The first step in a case–control study is to identify the cases through application of explicitly defined inclusion and exclusion criteria. Ideally, cases should be directly sampled from the source population in a manner that is unrelated to the drug exposures of interest; however, the source population that gave rise to the cases is often unknown and difficult to identify (except in a nested-case control study, where the source population is known). The case-selection process and the data sources from which cases were selected should be described in detail, especially if cases are from a variety of sources, such as hospital and community-based sources. Selecting only hospital-based cases may lead to systematic error related to hospital admission practices, whereby exposed cases may be more likely to be admitted and therefore selected into the study (a phenomenon known as Berksonian bias). Furthermore, only new (incident) cases should be selected, as nonincident cases usually over-represent long-term survivors, and diagnostic practices may change over time, introducing potential bias. When cases are selected from a secondary data source, the case definitions should be supported by previous validation studies.

Selection of Controls

The selection of controls in a case–control study is fraught with difficulty and is often the source of significant bias. Essentially, the controls should be selected from the same source population as the cases. 24 In other words, controls should be at risk of becoming cases and should come from a population with the same exposure distribution as the cases. Multiple controls are usually selected for each case, to increase the statistical efficiency of the study; however, the gains are minimal beyond 3 or 4 controls per case. Nonetheless, modern case–control studies involving large databases often use much higher control–case ratios to maximize study precision. To control for potential confounding, cases and controls are often matched on one or more patient characteristics, such as age or sex (although it may not always be appropriate to match on these variables). The study investigator must be careful not to match on too many factors or on factors that are not confounders, as doing so might lead to overmatching and bias. Furthermore, matching should not involve variables that the investigator is interested in examining in association with an outcome. The selection of controls is one of the most difficult aspects of epidemiologic research, and readers are encouraged to consult additional resources. 24 – 28

Similar to the situation for a cohort study, the drug exposures of interest and their definitions should be clearly specified in the methods. Because exposure in a case–control study is determined after the cases have been identified, a period before occurrence of the case, called the “look-back period” or “look-back window”, must be defined. A comparable look-back period must be defined for the control group. Look-back periods should consider the study hypothesis and thus may vary considerably from one study to another. For example, Abdelmoneim and others 29 specified a 120-day look-back period before the date of their cases (patients with acute coronary syndrome) to assess recent exposure to glyburide and gliclazide. Azoulay and others 30 specified an exposure window of any time prior to a year before the date of cases in their study evaluating the association between pioglitazone and bladder cancer. If the investigators are collecting exposure data themselves, then outcome status should be blinded to study personnel.

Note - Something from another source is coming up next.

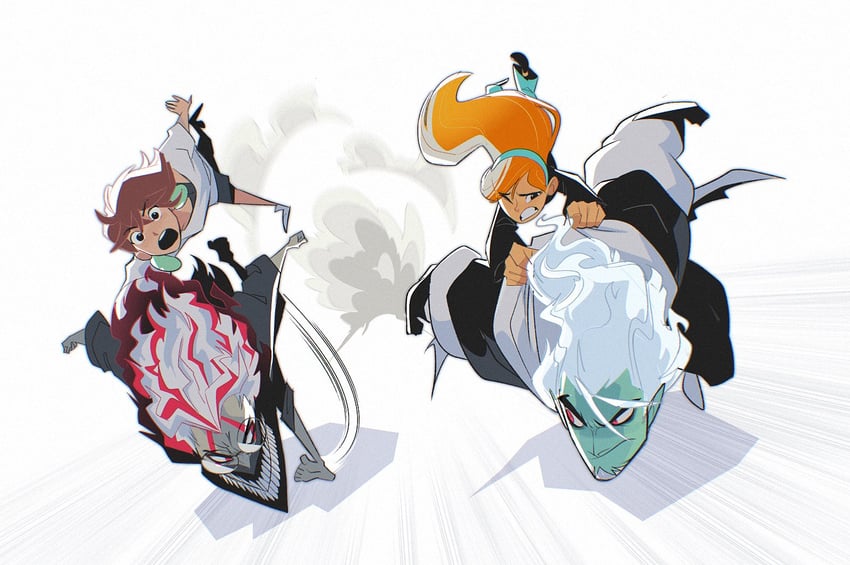 ayase momo, takakura ken, jasmine fenton, and dark danny (dandadan and 1 more) drawn by krossan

In a case–control study, the odds ratio is the usual measure of association reported. This measure is the ratio of the odds of an exposure between cases and controls and in most cases approximates the relative risk. As in a cohort study, the analytic plan for a case–control study typically involves advanced statistical methods to adjust for multiple potential confounders.

The major strengths of the case–control design are statistical efficiency (i.e., uses fewer data to quantify a drug–outcome association than would be required in a cohort study), efficiency for studying rare outcomes, efficiency for studying conditions with long latency periods, efficiency for handling the time-varying nature of drug exposures, and relatively low cost. The weaknesses of case–control studies include inefficiency for studying rare exposures, difficulty of selecting unbiased controls, and inability to directly calculate incidence rates of outcomes.

LIMITATIONS OF COHORT AND CASE–CONTROL STUDIES

Bias and confounding.

Observational studies are methodologically difficult, susceptible to bias and confounding, and difficult to interpret, given the many types of bias potentially at play. For these reasons, observational studies are limited to studying drug–outcome associations and cannot be used to measure the causal effects of drugs. Recent methodologic advances in design and analytic techniques in pharmacoepidemiology have helped to combat the various types of selection bias, information bias, and confounding at play in cohort and case–control studies (see Appendix 1 , available online at www.cjhp-online.ca/index.php/cjhp/issue/view/104/showToc ). Many of these techniques can account for multiple potential confounders simultaneously. A comprehensive review of these techniques is beyond the scope of this article, but such reviews may be found elsewhere, 25 , 31 – 33 Bias and confounding result in spurious drug–outcome associations and are introduced at both the design and analysis stages. Appendix 2 (available online at www.cjhp-online.ca/index.php/cjhp/issue/view/104/showToc ) illustrates the origin of bias in relation to the cohort design, and Appendix 3 (available online at www.cjhp-online.ca/index.php/cjhp/issue/view/104/showToc ) lists common types of bias that occur in cohort and case–control studies of drug effects.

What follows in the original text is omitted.